:: SUPPLIED INFORMATION ::
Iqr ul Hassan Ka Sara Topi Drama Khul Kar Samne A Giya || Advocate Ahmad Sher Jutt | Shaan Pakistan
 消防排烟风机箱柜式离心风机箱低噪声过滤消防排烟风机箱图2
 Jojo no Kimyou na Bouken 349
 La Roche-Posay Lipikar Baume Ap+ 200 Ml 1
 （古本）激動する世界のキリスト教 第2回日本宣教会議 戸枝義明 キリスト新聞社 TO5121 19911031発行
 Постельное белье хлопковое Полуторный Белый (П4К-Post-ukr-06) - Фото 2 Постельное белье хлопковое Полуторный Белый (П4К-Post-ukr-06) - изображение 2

:: WORK ORDER ::
Set down exactly the lines of the data above, beginning with the line that has "消防排烟风机箱柜式离心风机箱低噪声过滤消防排烟风机箱图2" and ending with the line that has "キリスト新聞社 TO5121 19911031発行", and no others.

:: ANSWER TO THIS PROBLEM ::
 消防排烟风机箱柜式离心风机箱低噪声过滤消防排烟风机箱图2
 Jojo no Kimyou na Bouken 349
 La Roche-Posay Lipikar Baume Ap+ 200 Ml 1
 （古本）激動する世界のキリスト教 第2回日本宣教会議 戸枝義明 キリスト新聞社 TO5121 19911031発行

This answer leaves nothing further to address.